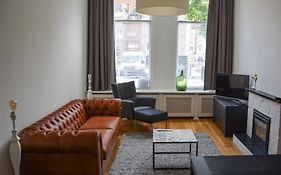 Stadshotel aan de IJssel in centrum Deventer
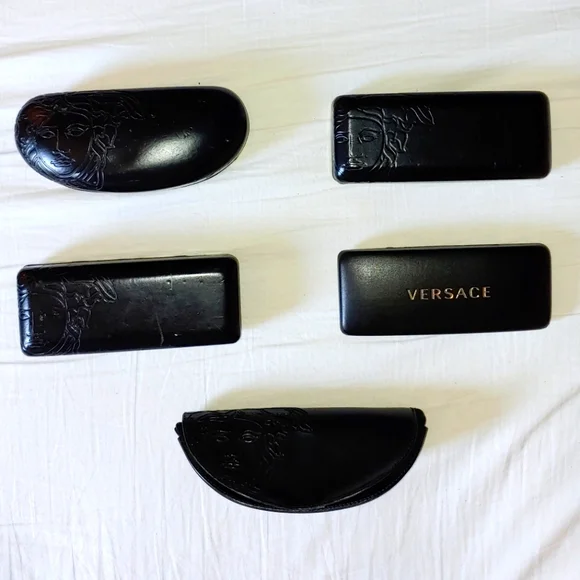 Versace | Accessories | Reseller Lot Of 5 Versace Eyewear  display picture 3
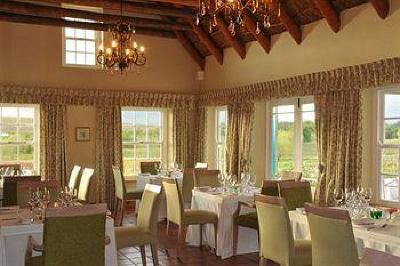 фото отеля African Pride Rijk's Country House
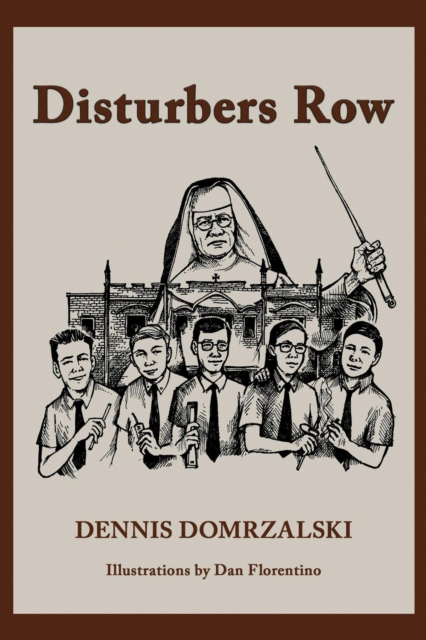 Disturbers Row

## WHAT YOU NEED TO DO
No pictures belong in the copy. Return exactly the lines from the line containing "фото отеля African" through the last line of the listing.

## WRITTEN ANSWER
 фото отеля African Pride Rijk's Country House
 Disturbers Row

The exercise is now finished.